Exercise materials:
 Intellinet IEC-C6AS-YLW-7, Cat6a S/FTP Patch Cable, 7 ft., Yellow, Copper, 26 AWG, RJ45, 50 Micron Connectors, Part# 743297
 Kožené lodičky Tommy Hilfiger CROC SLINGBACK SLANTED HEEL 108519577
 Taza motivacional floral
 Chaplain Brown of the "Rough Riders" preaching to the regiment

==

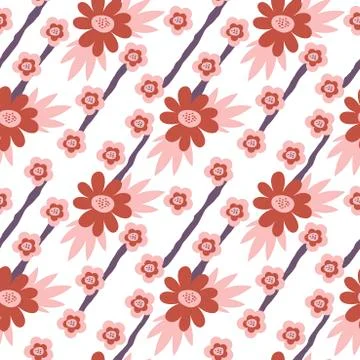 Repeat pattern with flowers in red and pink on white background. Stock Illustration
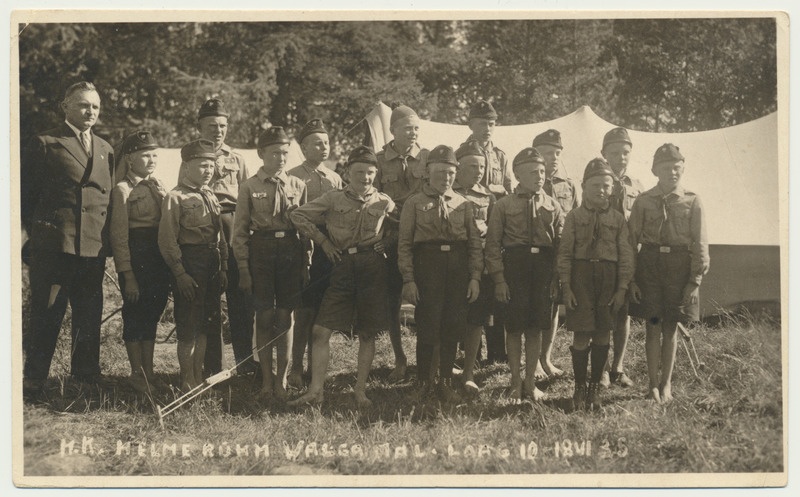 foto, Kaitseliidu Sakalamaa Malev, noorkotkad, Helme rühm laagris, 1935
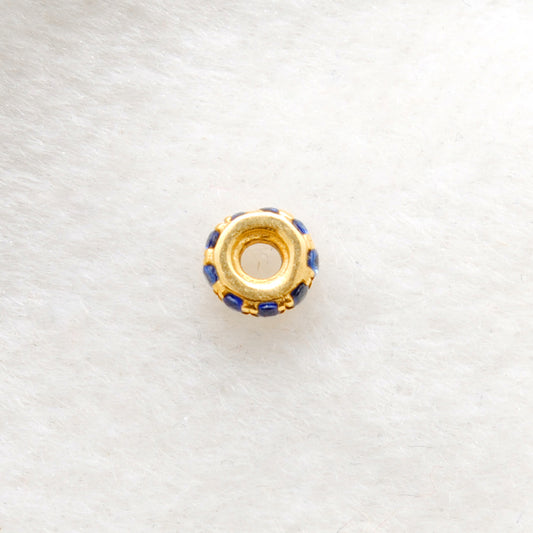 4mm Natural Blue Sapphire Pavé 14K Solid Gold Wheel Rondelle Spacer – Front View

What you are asked to do: What you give back should be exactly the lines of the data above from the line with "Intellinet IEC-C6AS-YLW-7, Cat6a" through the line with "Chaplain Brown of", both of those included, and nothing more.

Completed exercise:
 Intellinet IEC-C6AS-YLW-7, Cat6a S/FTP Patch Cable, 7 ft., Yellow, Copper, 26 AWG, RJ45, 50 Micron Connectors, Part# 743297
 Kožené lodičky Tommy Hilfiger CROC SLINGBACK SLANTED HEEL 108519577
 Taza motivacional floral
 Chaplain Brown of the "Rough Riders" preaching to the regiment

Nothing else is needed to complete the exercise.